Peter Gottlieb hpnpilot at gmail.com
Sun Oct 18 14:39:55 EDT 2015


Further adventures with this receiver.

It came with 8 MHz, 2 MHz, 500 kHz and 100 kHz IF bandwidths.  Not so useful, so 
I decided to change things.  The receiver uses "WJ Miniceptor" style IF filters 
with an Fc of 21.4 MHz.  Since I sometimes listen to FM broadcast I picked up a 
300 kHz filter, and for regular voice comms, I settled on a 10 kHz filter.  That 
leaves me with 8 MHz wideband, 300, 100 and 10 kHz.  With a little PCB drilling, 
another filter, and a couple of components there could be a fourth BW I suppose.

The IF filter assembly has to be removed from the radio to get at the solder 
side but the change was easy.  The way it works is that the IF first goes 
through a 8 MHz filter, then after that it is brought to the rear BNC for the 
panadapter, and then to the IF filter board where there are four diode selected 
filters.  One is a straight through, so there are really only three filters 
which may be selected.  I replaced the 500 kHz with the 300 kHz and the 2 MHz 
with the 10 kHz.  While I had the assembly out I sketched a diagram of the three 
boards inside:  600 MHz filter/mixer, switchable IF filter, and variable gain IF 
amp.  If anyone wants pdfs of my sketches let me know.  Nobody seems to have any 
documentation at all on this receiver so I figured I'd start.
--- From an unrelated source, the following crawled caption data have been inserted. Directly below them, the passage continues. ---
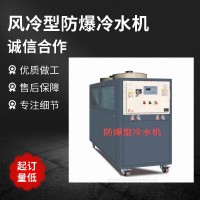 防爆式冷水機組 防爆冰水機等級要求 靜電防爆冷凍機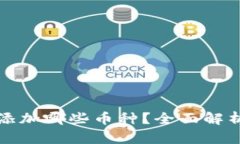 冷钱包一般添加哪些币种？全面解析和
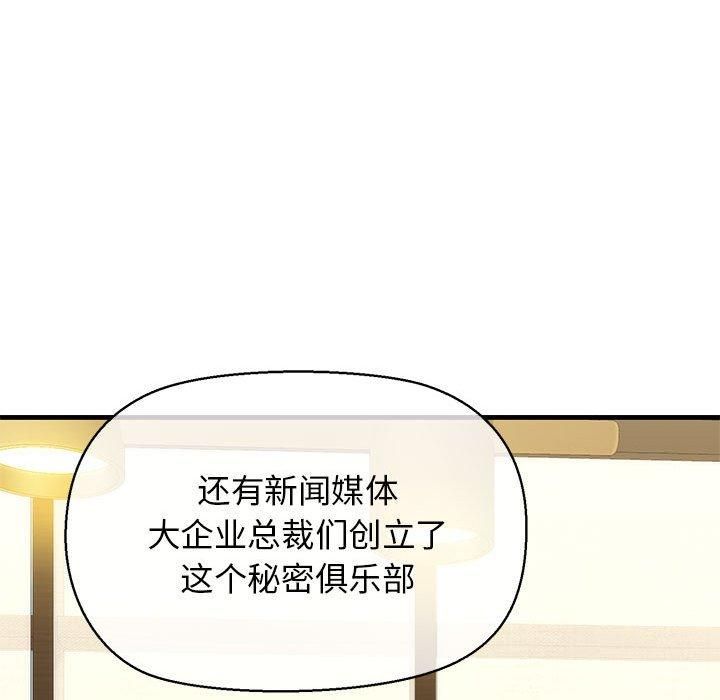 我的拉拉队宝贝第13話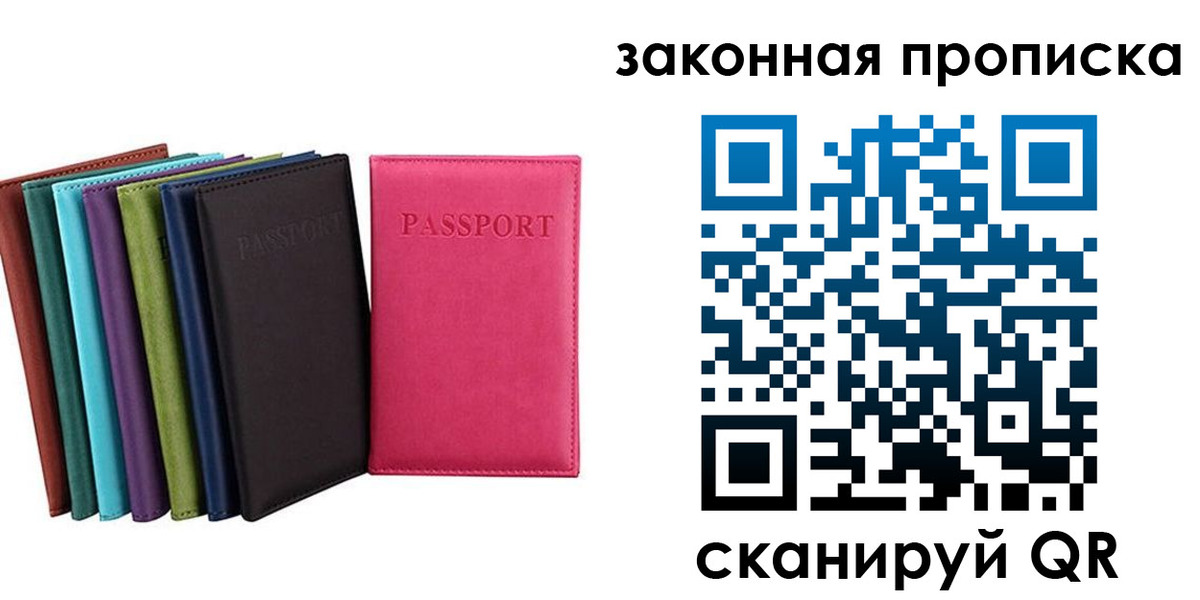 прописка для работы в Лабинске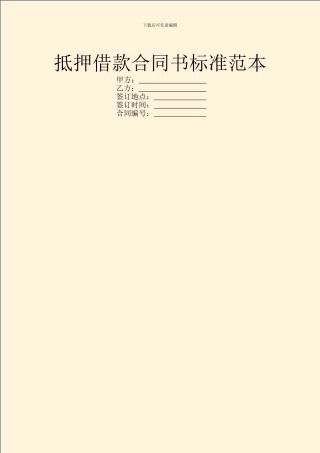 抵押借款合同书标准范本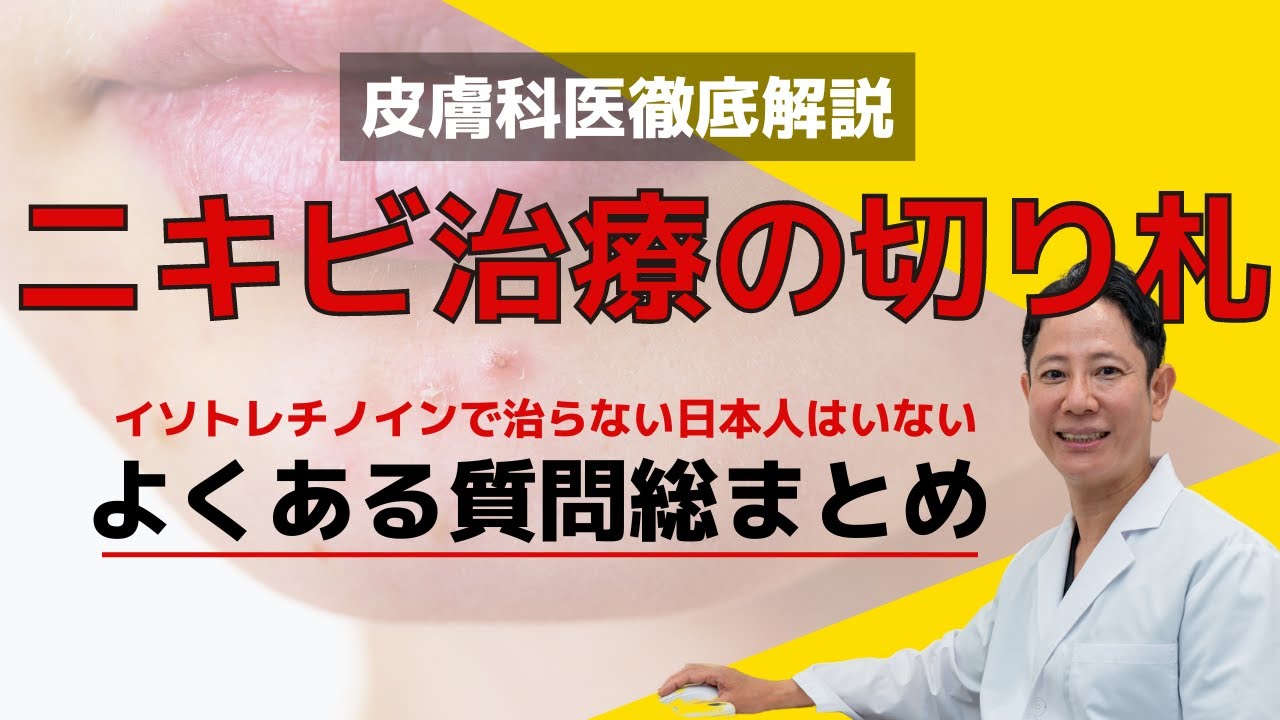 【ニキビ治療薬】最後の切り札イソトレチノインは本当に効果があるのか皮膚科医が徹底解説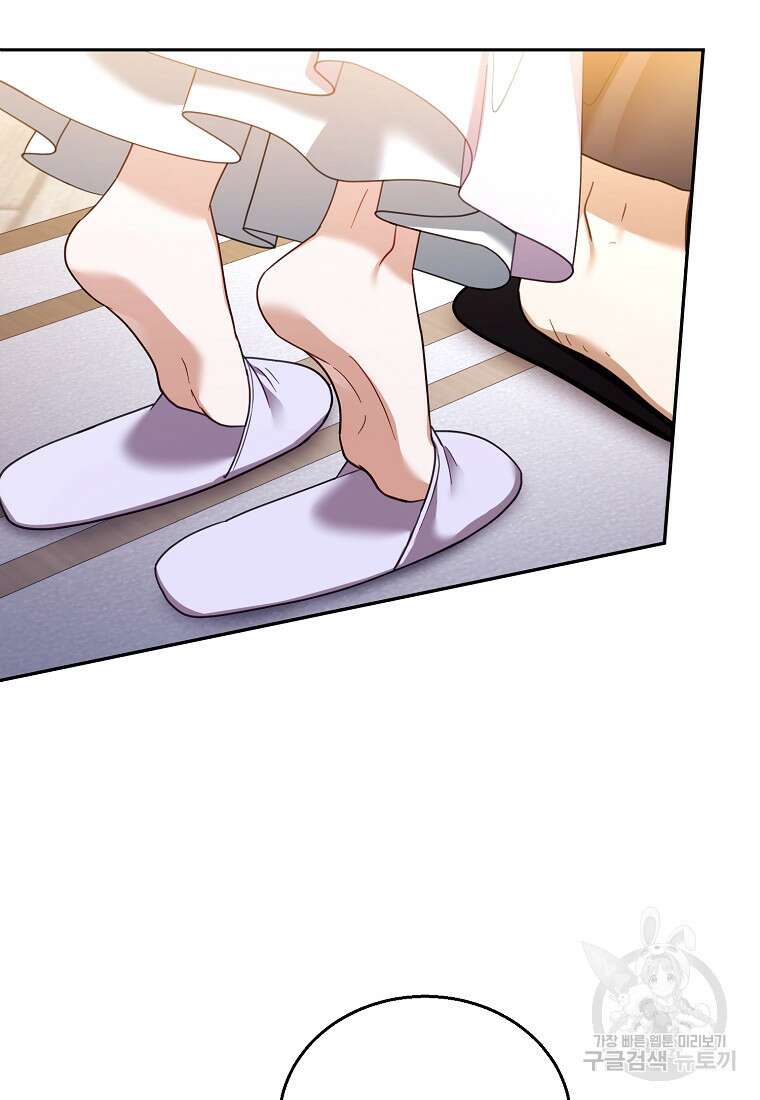 악당 남편과 이혼하려는데, 아이가 생겼다 66화 7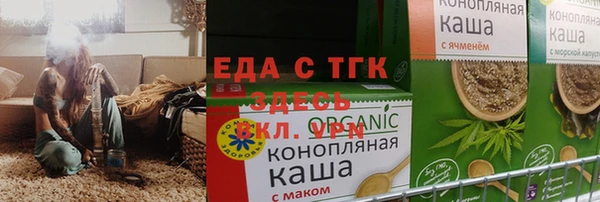 МДПВ Абаза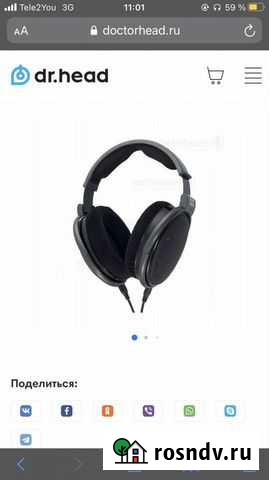 Sennheiser HD 650 Пермь - изображение 1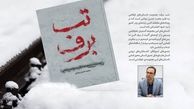 «تب برف» در قفسه‌ کتابخانه‌های اصفهان نشست!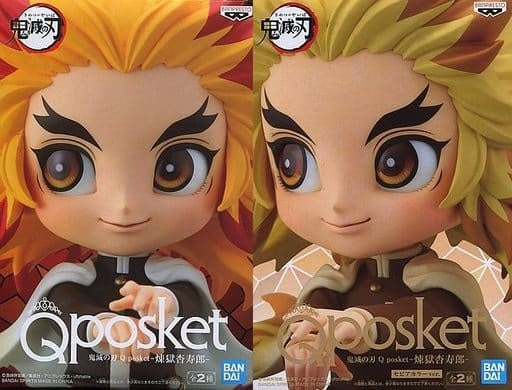 Banpresto figure all 2 types set Demon Slayer Kimetsu no Yaiba Q posket-Kyoujurou Rengoku-
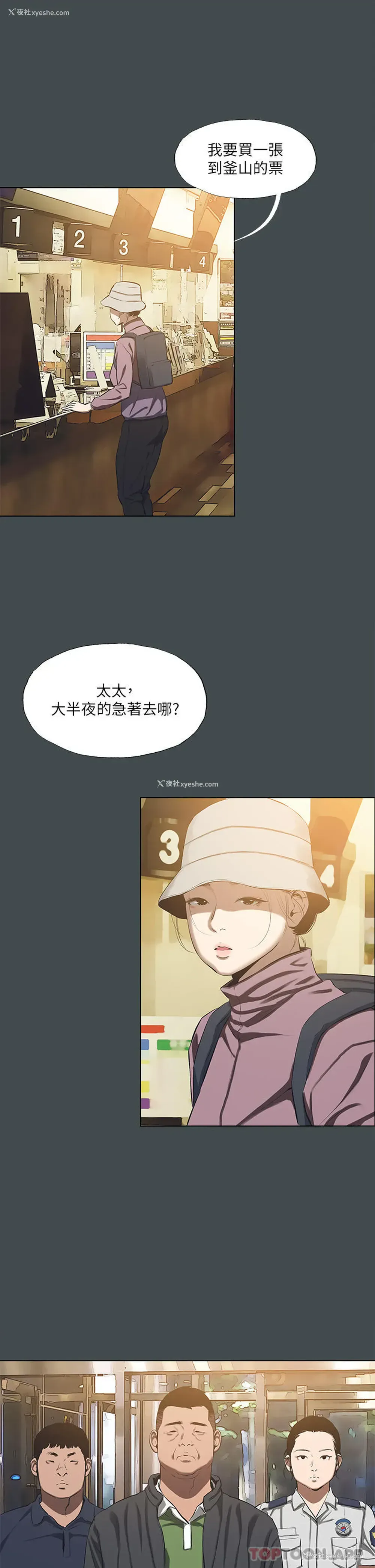 20P - 纵夏夜之梦
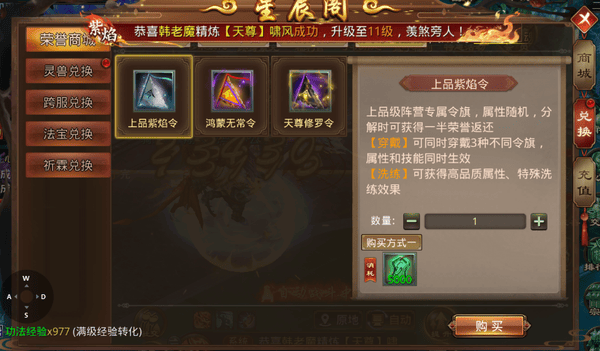 《星辰变归来》手游官网：令旗系统全解析：三大令旗种类与荣誉币获取指南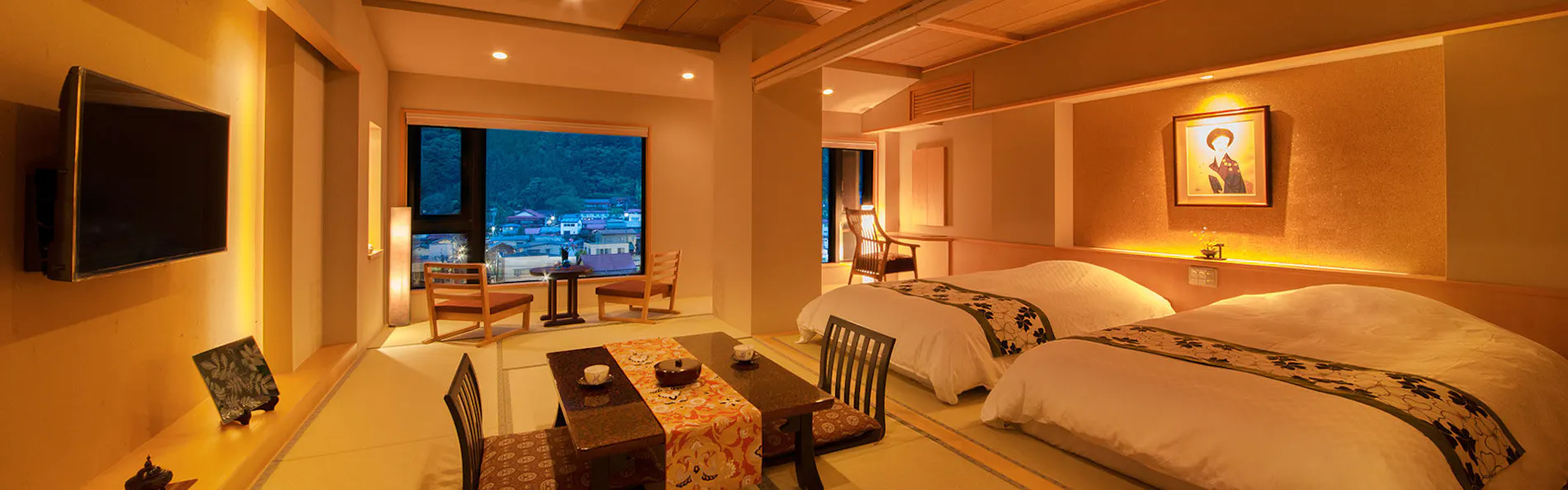 山みず季URARAつたや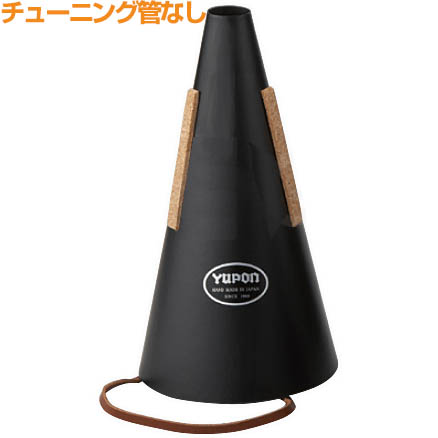 Yupon ユポン ミュート ストレート フレンチホルン用 黒 管無し Hrn.用 French horn straight mute black　以下対応不可 北海道 沖縄 離島 代引き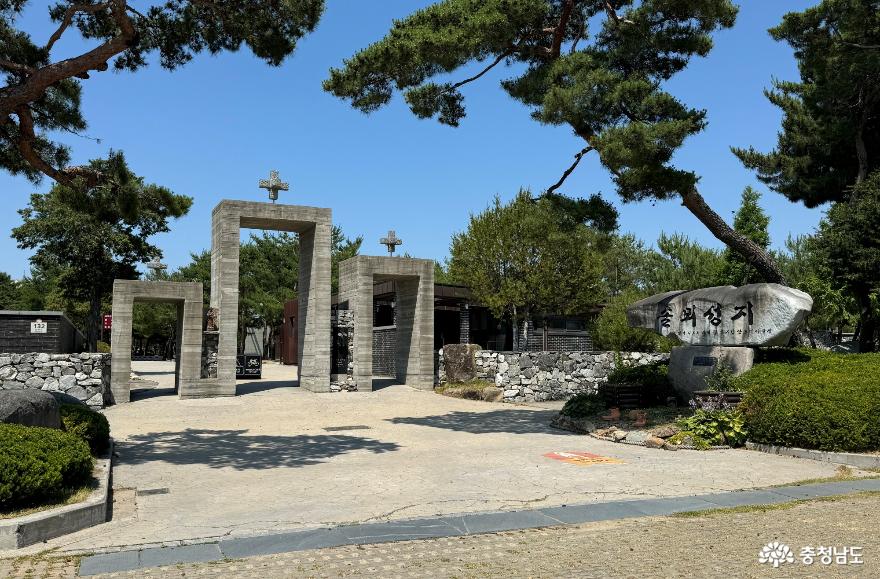 여행 - 내포문화숲길 천주교 순례길 마지막 솔뫼성지 - 충청남도 내포문화숲길 천주교 순례길 마지막 솔뫼성지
So it sort of works.  The 300 kHz works great, the 10 kHz not so much.  The 
output is very low and a bit distorted.  Usable though. That's sort of expected, 
of course, as the discriminator is set up for a 2 MHz BW, right?  So that's my 
next area to get into.

There is no sensing of the filter BW, the displayed settings are in the PROM.  
Fortunately, they are near the beginning and really obvious so I patched the 
code and burned a new PROM.  So at least the displayed values match the filters 
I have installed.

I'm now removing the demodulator assembly and will sketch out a diagram of it so 
I can do the mods to have it work reasonably at 10 kHz.  More on this later.